Task goal ::
Transcribe word for word the section of the records below that opens with the line containing "Van Gogh oil" and closes with the line containing "Handmade Pottery Herb"; drop every picture.

Material supplied ::
__________________________________________________

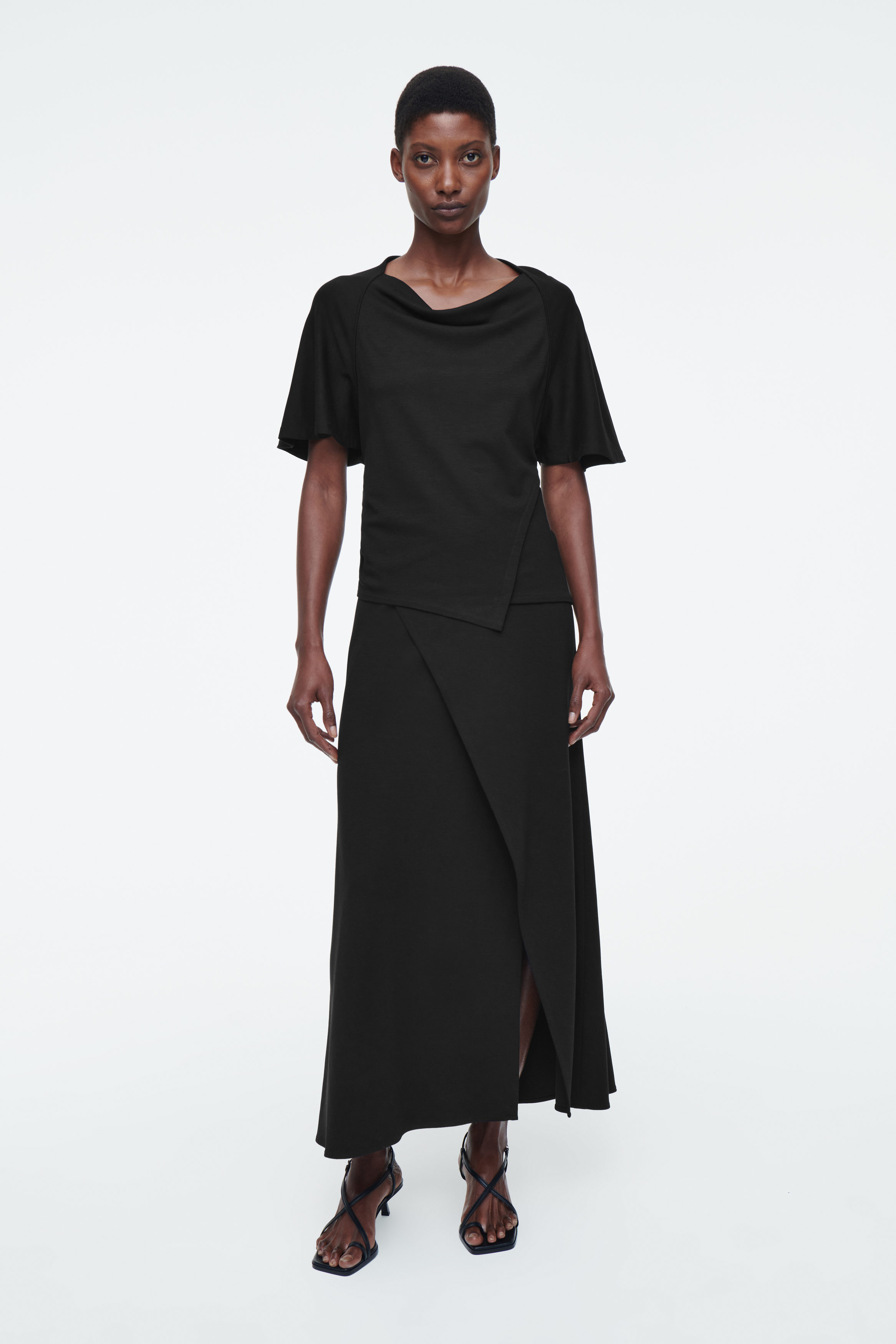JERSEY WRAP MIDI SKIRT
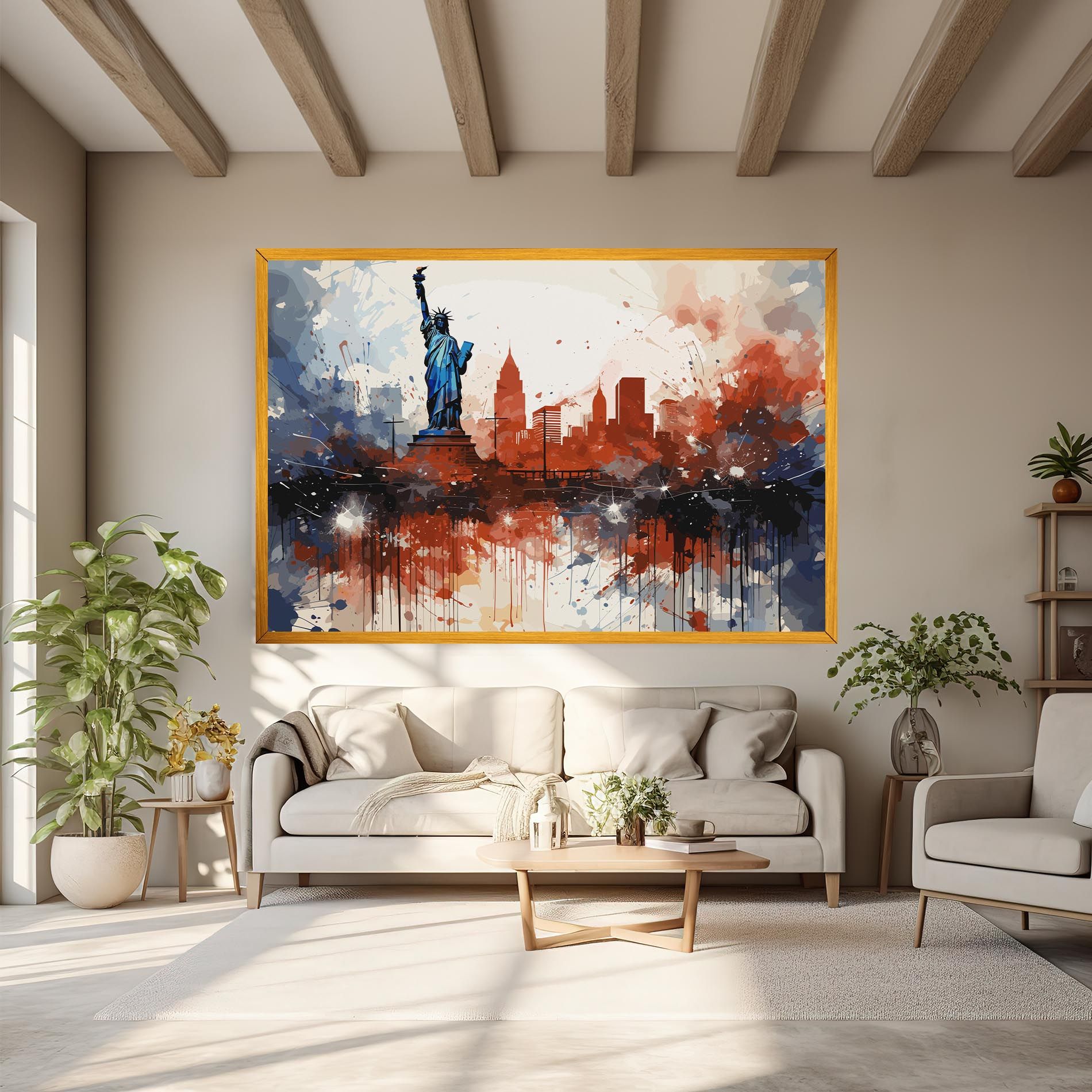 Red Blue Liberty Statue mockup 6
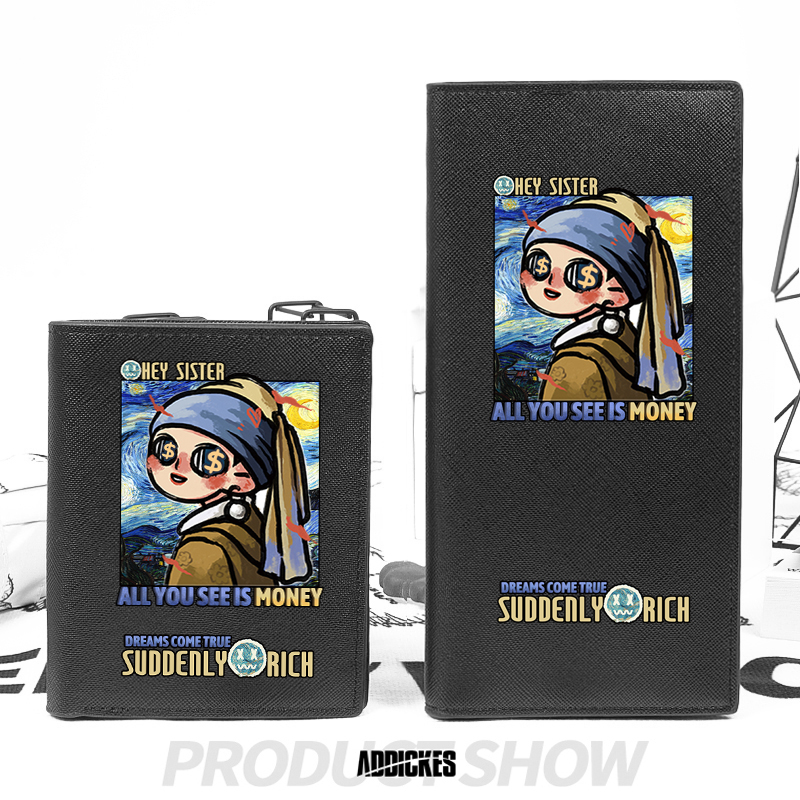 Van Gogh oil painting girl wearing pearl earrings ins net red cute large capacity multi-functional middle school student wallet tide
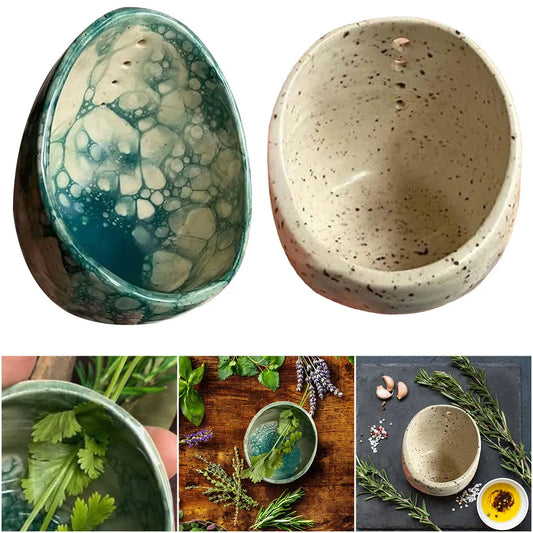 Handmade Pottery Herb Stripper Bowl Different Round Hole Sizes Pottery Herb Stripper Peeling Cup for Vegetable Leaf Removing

__________________________________________________

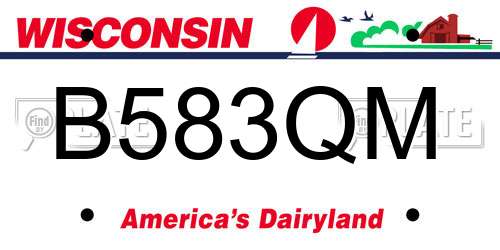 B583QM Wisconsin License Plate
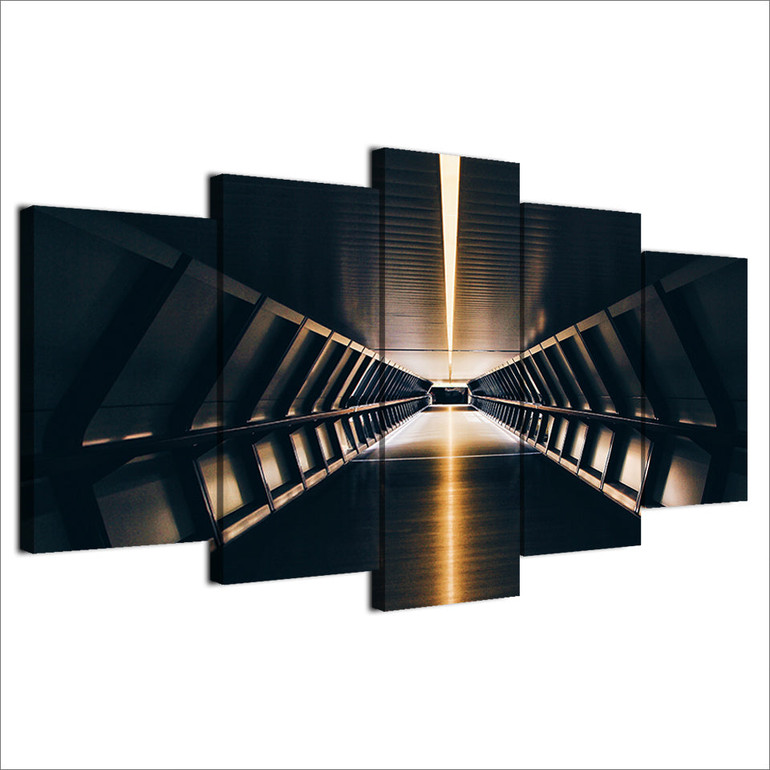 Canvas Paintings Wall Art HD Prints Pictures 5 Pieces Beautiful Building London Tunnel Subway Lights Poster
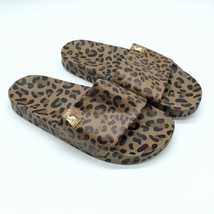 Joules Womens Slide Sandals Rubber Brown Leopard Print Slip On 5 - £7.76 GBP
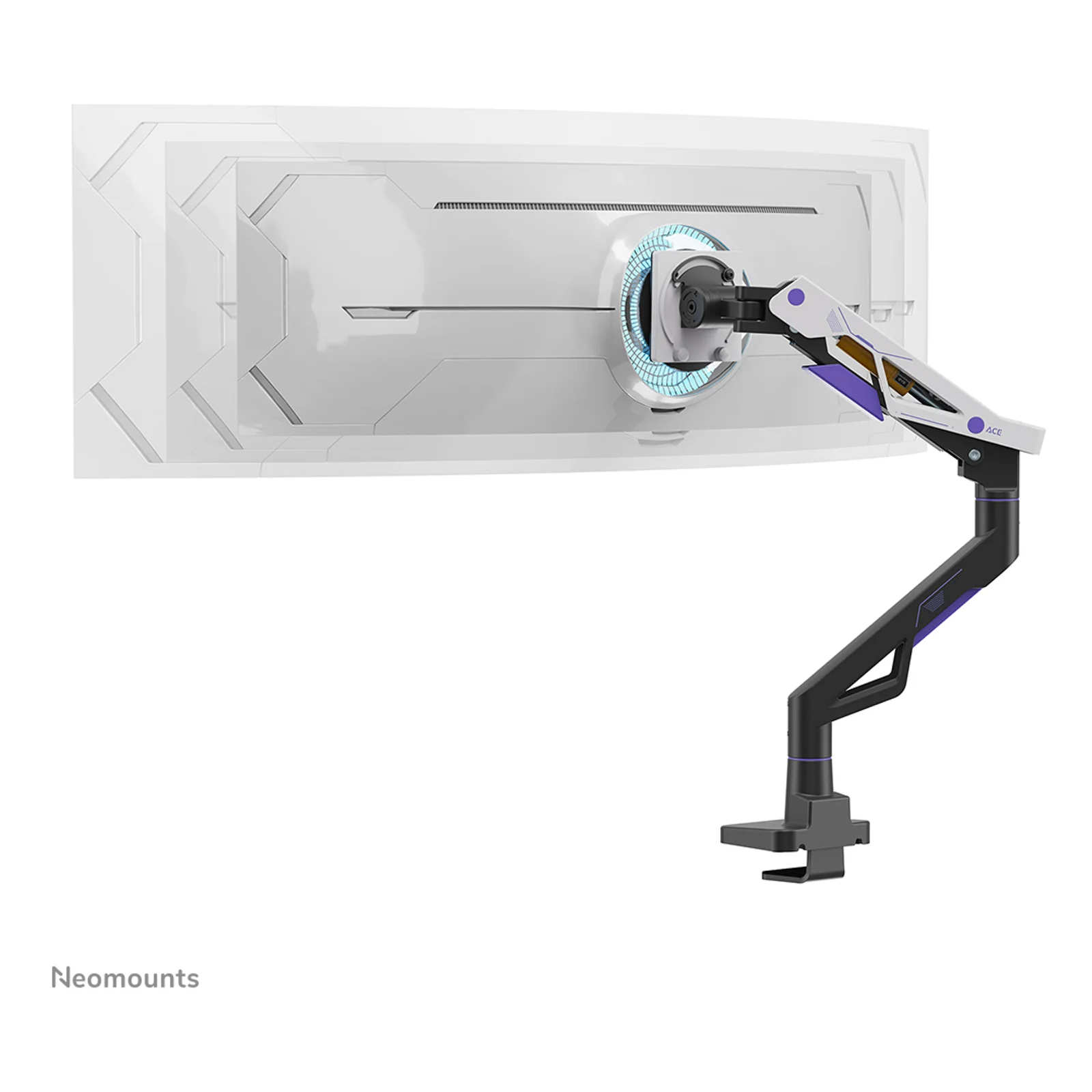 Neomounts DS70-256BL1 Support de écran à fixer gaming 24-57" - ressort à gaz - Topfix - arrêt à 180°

__________________________________________________

Exercise answer ::
 Van Gogh oil painting girl wearing pearl earrings ins net red cute large capacity multi-functional middle school student wallet tide
 Handmade Pottery Herb Stripper Bowl Different Round Hole Sizes Pottery Herb Stripper Peeling Cup for Vegetable Leaf Removing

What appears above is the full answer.